▸ **Given information**:
*-*-*

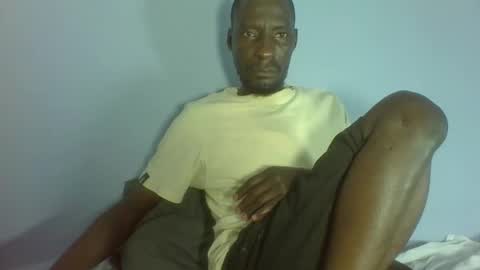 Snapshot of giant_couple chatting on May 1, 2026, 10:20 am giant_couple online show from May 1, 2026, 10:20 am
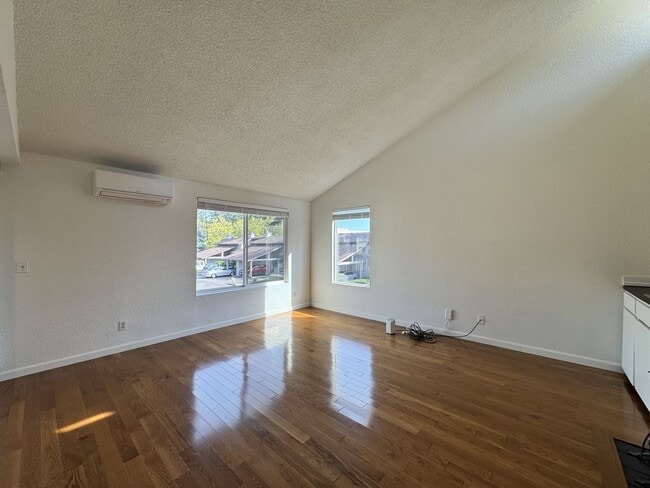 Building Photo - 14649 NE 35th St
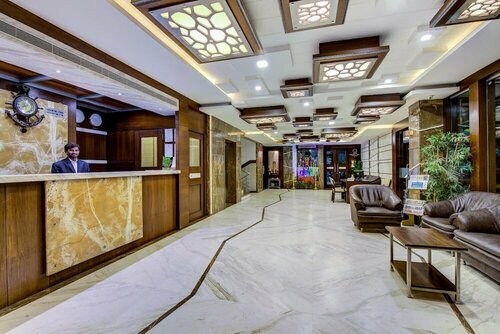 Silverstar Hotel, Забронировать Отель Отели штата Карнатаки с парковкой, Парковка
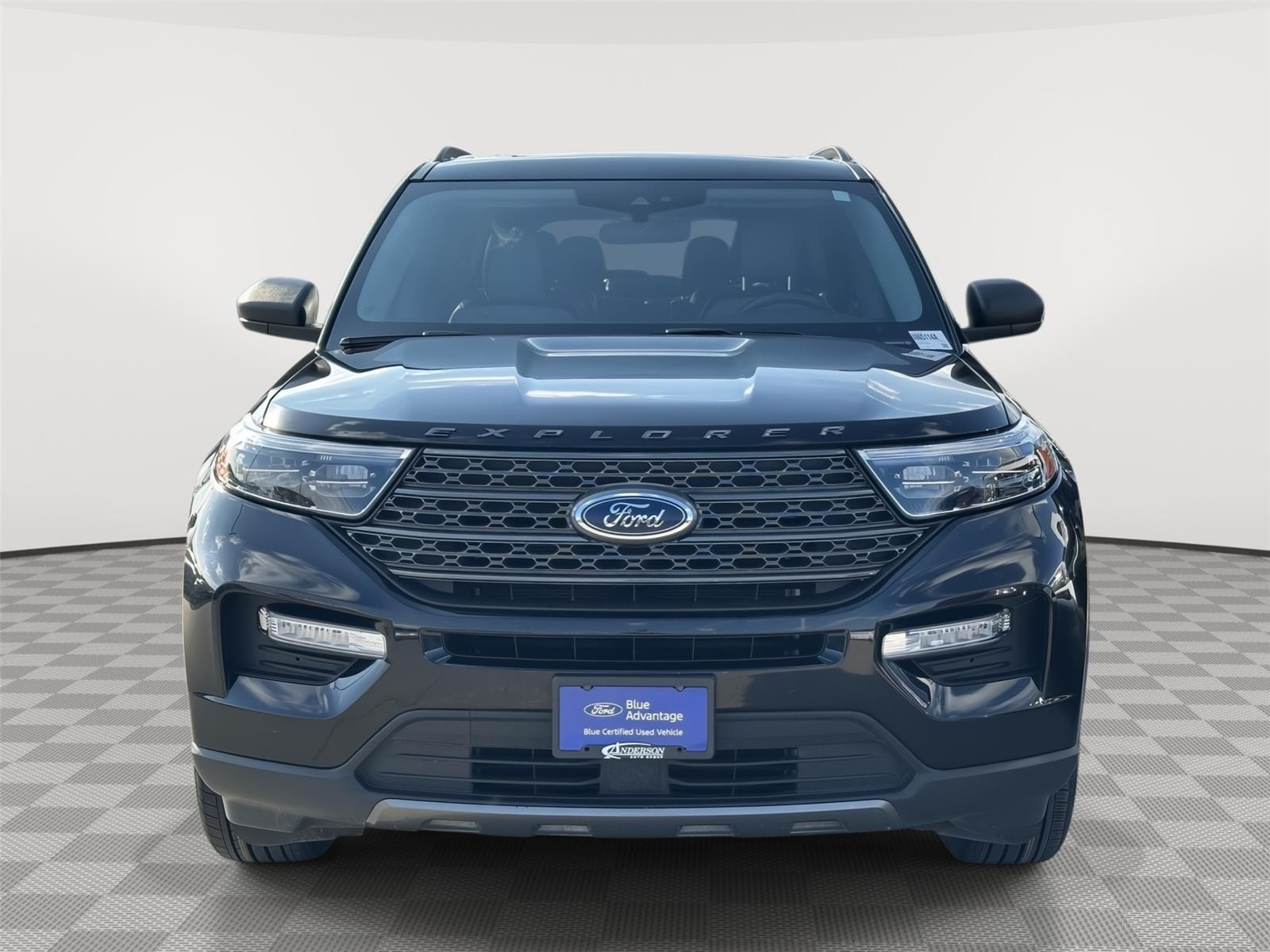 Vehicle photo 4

*-*-*

Take the listing above and retype it exactly. Its pictures are to be omitted.

▸ **Response below**:
 Snapshot of giant_couple chatting on May 1, 2026, 10:20 am giant_couple online show from May 1, 2026, 10:20 am
 Building Photo - 14649 NE 35th St
 Silverstar Hotel, Забронировать Отель Отели штата Карнатаки с парковкой, Парковка
 Vehicle photo 4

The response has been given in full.